In the records below, print each line exactly and leave every image out.
* * * *
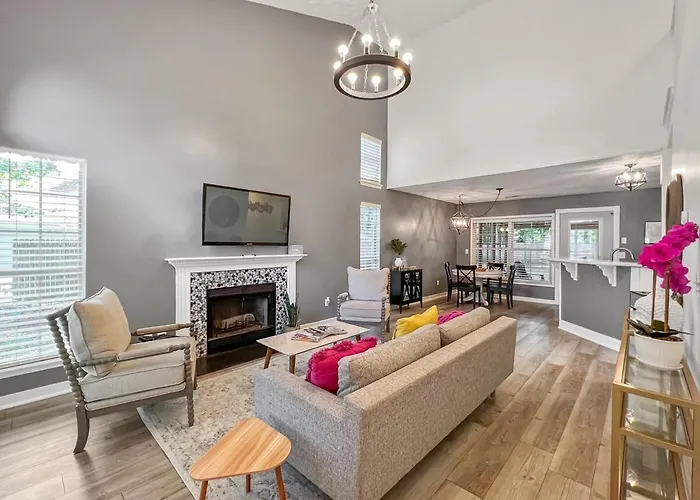 The Paramour Comfy Home With Ground Floor Bedroom And Fenced In Yard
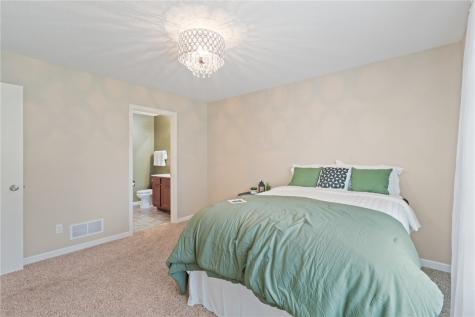 4423 Quail Trail Drive Marion IA 52302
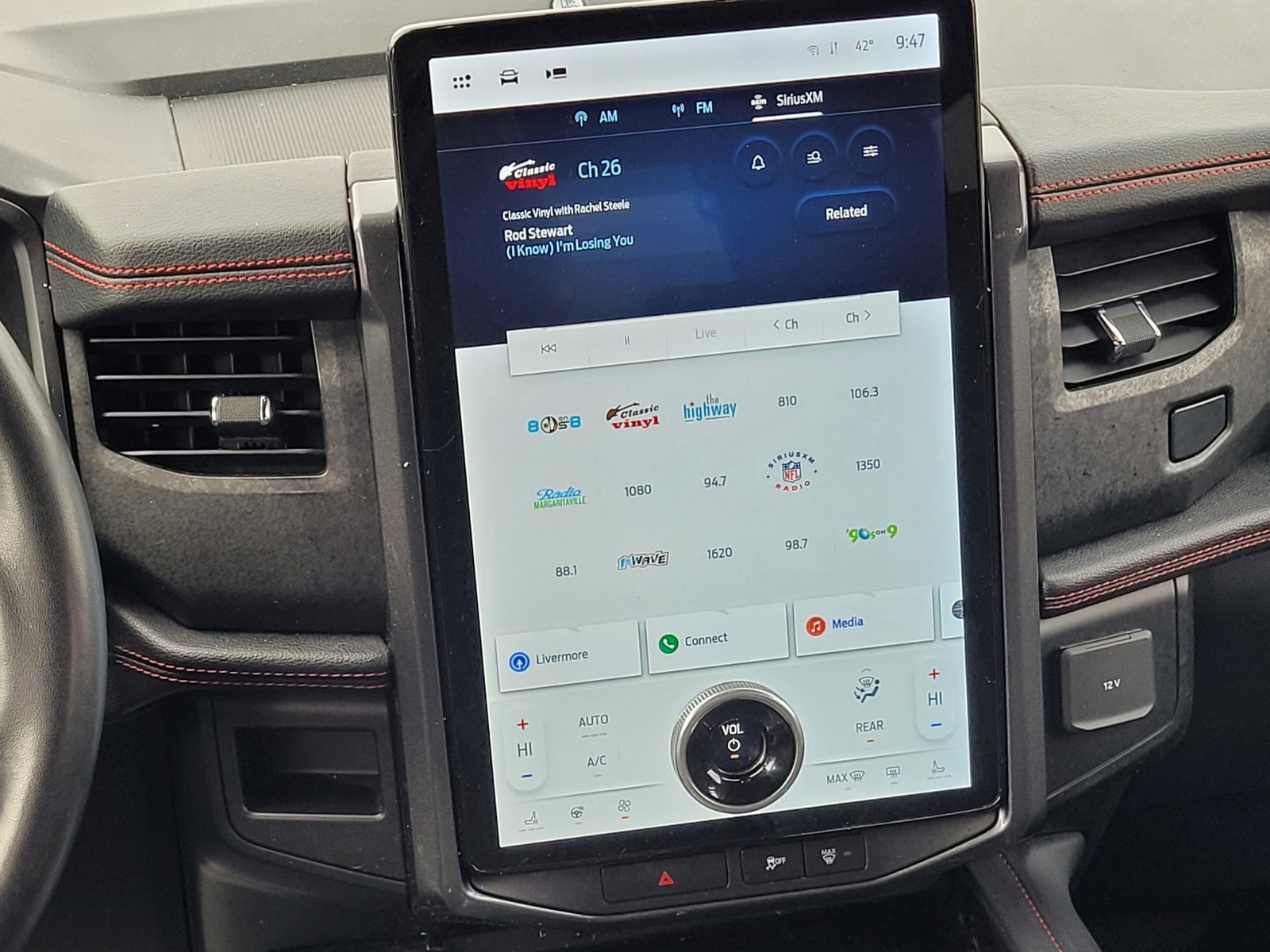 Used 2022 Ford Expedition Max Limited image 15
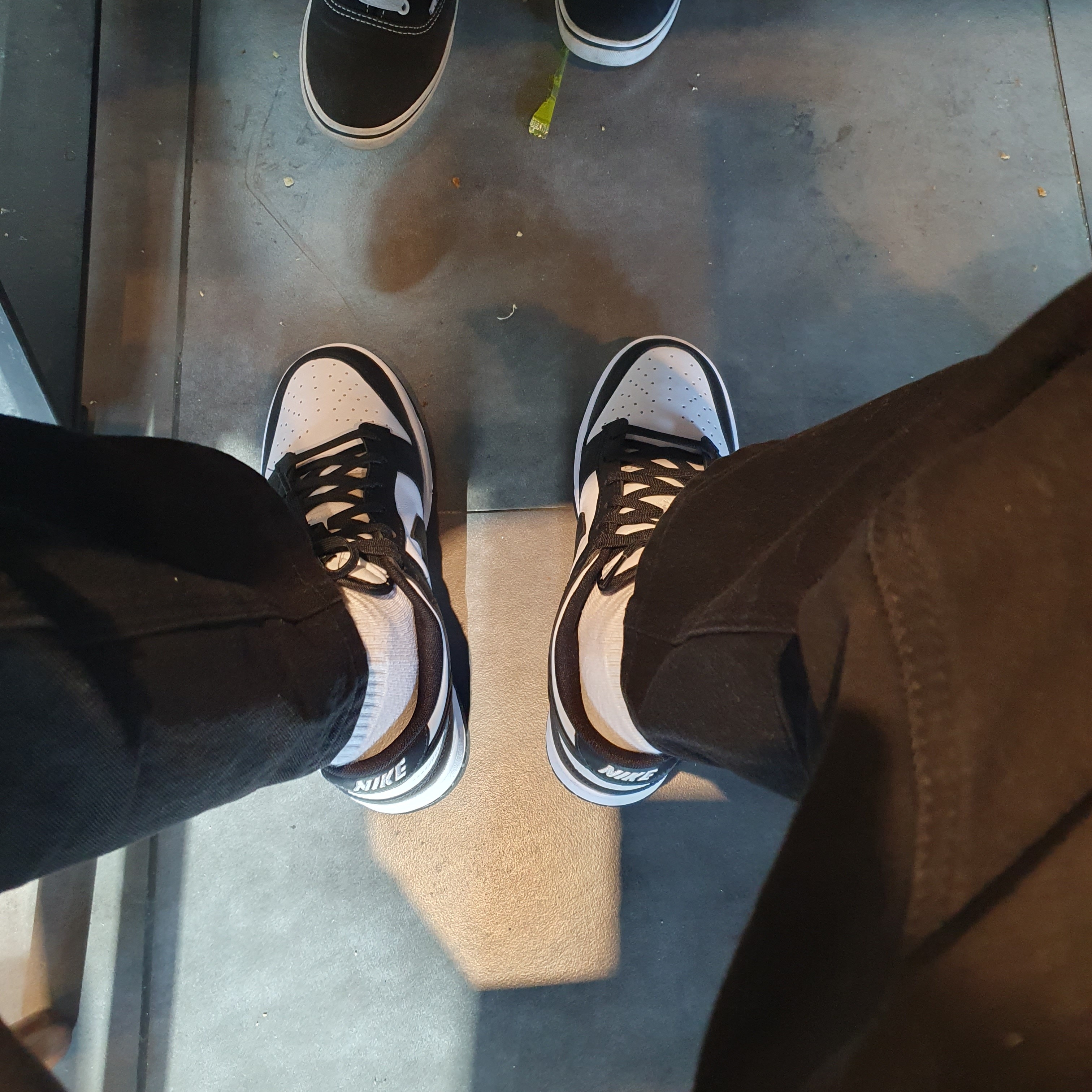 Nike Dunk Low Retro Black 착용 스타일 - 2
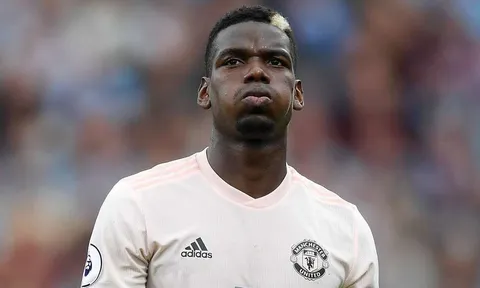 "Khốn kiếp! Tôi chưa bao giờ nói về việc muốn rời Man Utd"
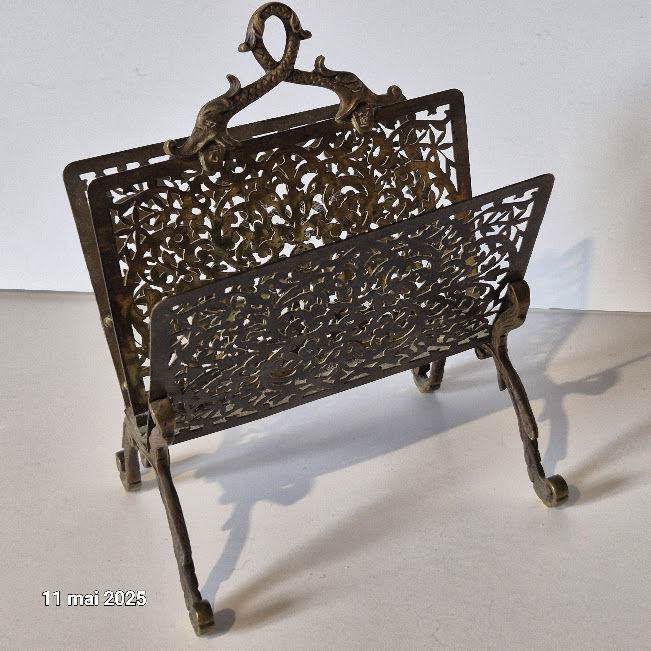 Ancien porte lettres, papiers en laiton antique provenant d' 120 Saumur (49)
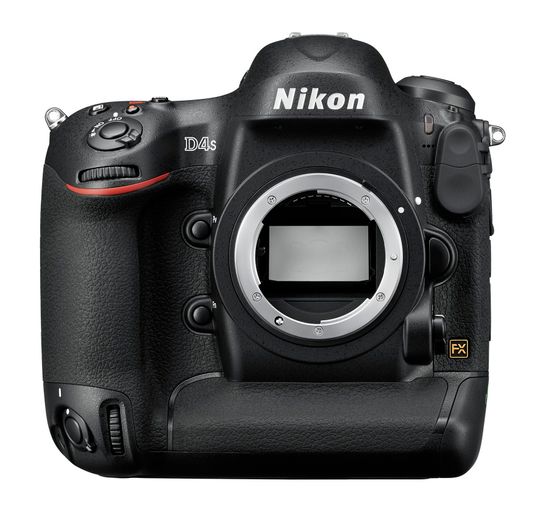 Nikon D4s er en stor kar.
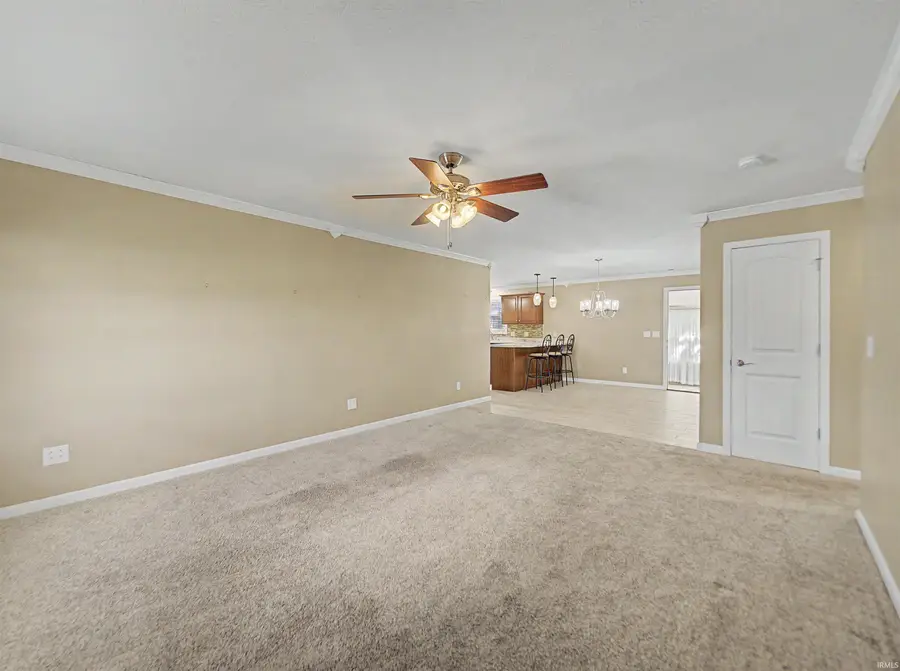 526 S Eighth Avenue, Haubstadt, IN 47639 - #3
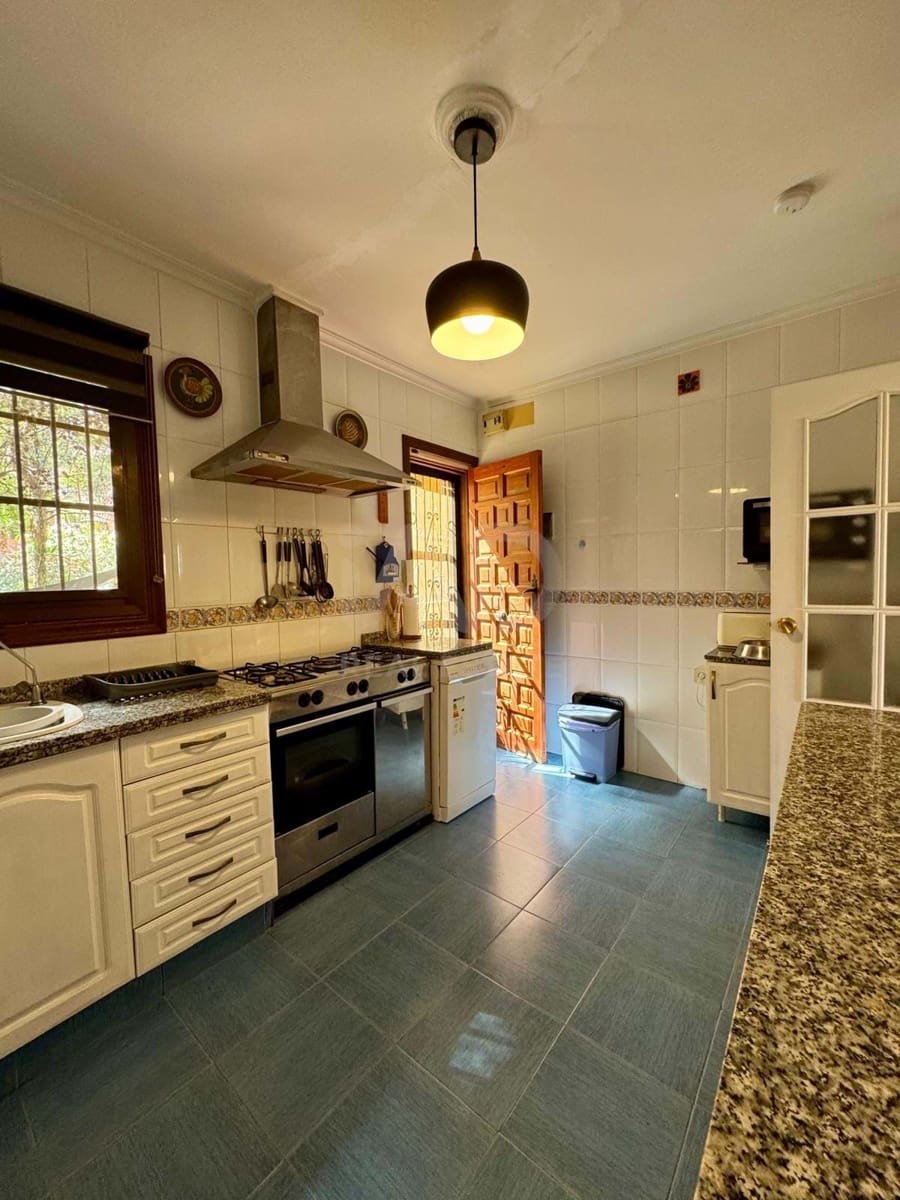 4 sypialnia Dom na sprzedaż w Miasto Alicante / Alacant z basenem garażem - 465 000 € (Ref: 9988867)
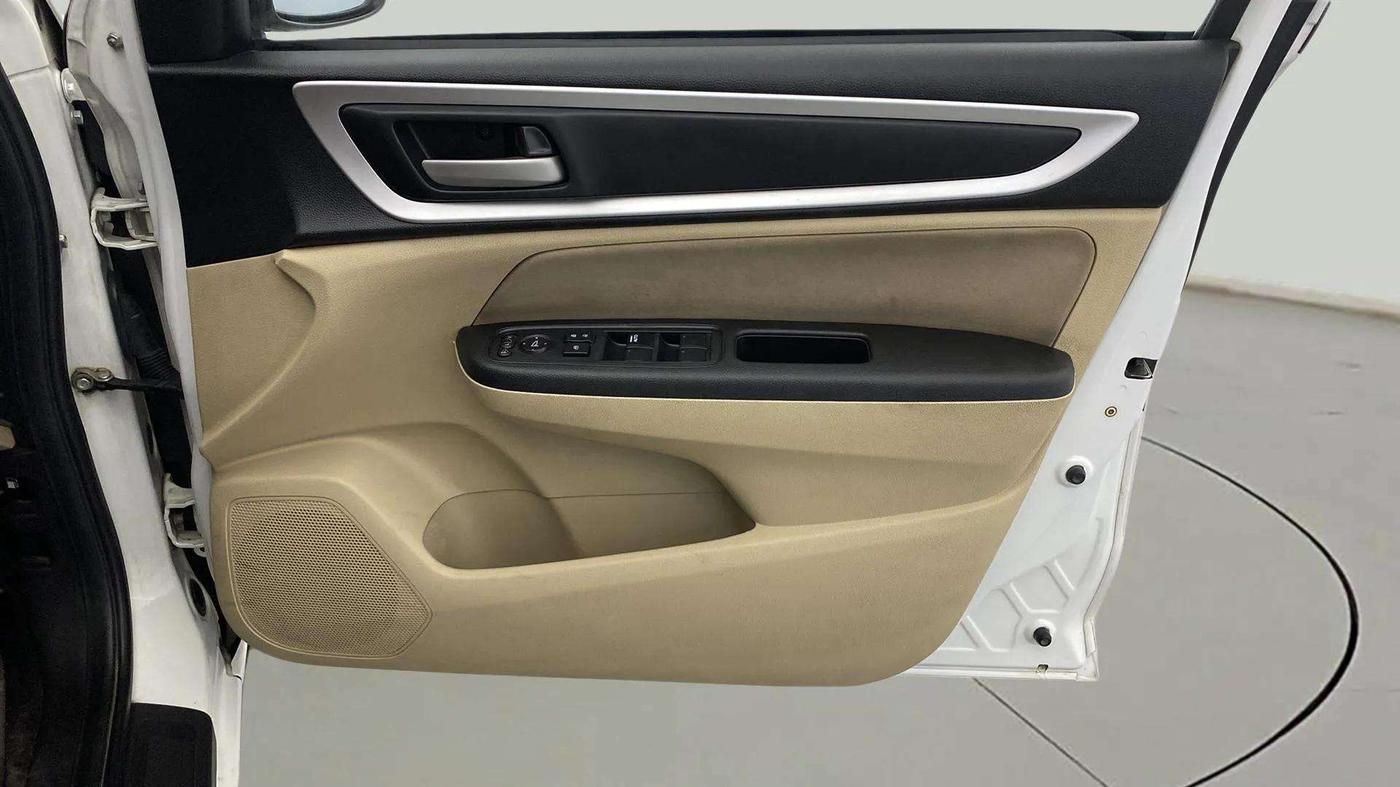 2022 Honda Amaze 1.5L I-DTEC VX, Diesel, Manual, 56,793 km, Driver Side Door Panels Control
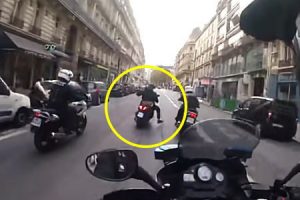 逃走するスクーターを集団で追いかけるバイク警官たちの動画がめちゃくちゃ熱い。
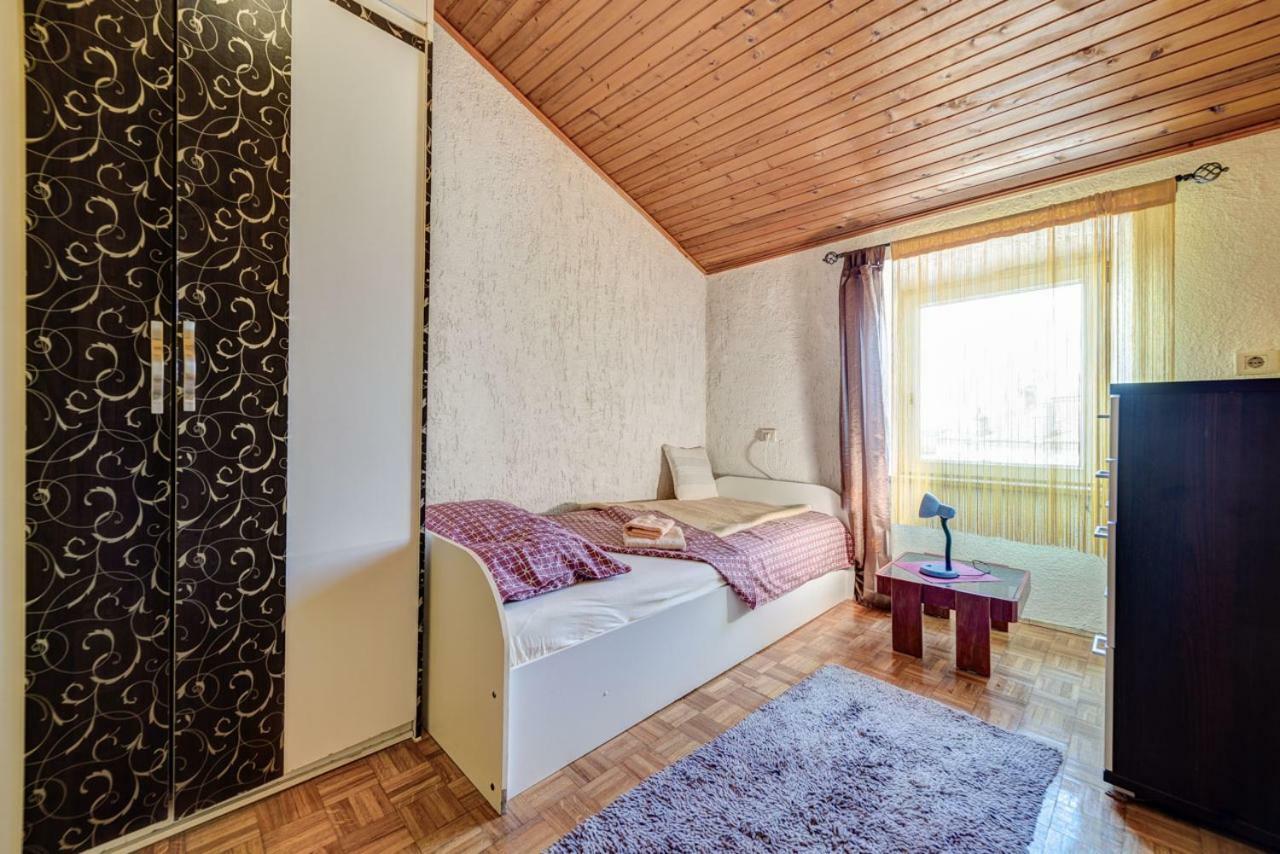 D&L Apartment In Center Pula Luaran gambar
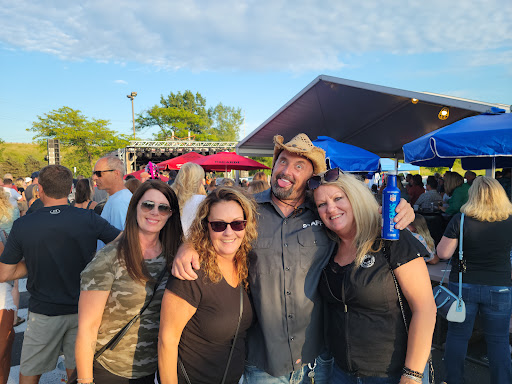 Bowling Alley «Bowl-A-Vard Lanes», reviews and photos, 2121 E Springs Dr, Madison, WI 53704, USA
* * * *
### [Reply to the exercise]
 The Paramour Comfy Home With Ground Floor Bedroom And Fenced In Yard
 4423 Quail Trail Drive Marion IA 52302
 Used 2022 Ford Expedition Max Limited image 15
 Nike Dunk Low Retro Black 착용 스타일 - 2
 "Khốn kiếp! Tôi chưa bao giờ nói về việc muốn rời Man Utd"
 Ancien porte lettres, papiers en laiton antique provenant d' 120 Saumur (49)
 Nikon D4s er en stor kar.
 526 S Eighth Avenue, Haubstadt, IN 47639 - #3
 4 sypialnia Dom na sprzedaż w Miasto Alicante / Alacant z basenem garażem - 465 000 € (Ref: 9988867)
 2022 Honda Amaze 1.5L I-DTEC VX, Diesel, Manual, 56,793 km, Driver Side Door Panels Control
 逃走するスクーターを集団で追いかけるバイク警官たちの動画がめちゃくちゃ熱い。
 D&L Apartment In Center Pula Luaran gambar
 Bowling Alley «Bowl-A-Vard Lanes», reviews and photos, 2121 E Springs Dr, Madison, WI 53704, USA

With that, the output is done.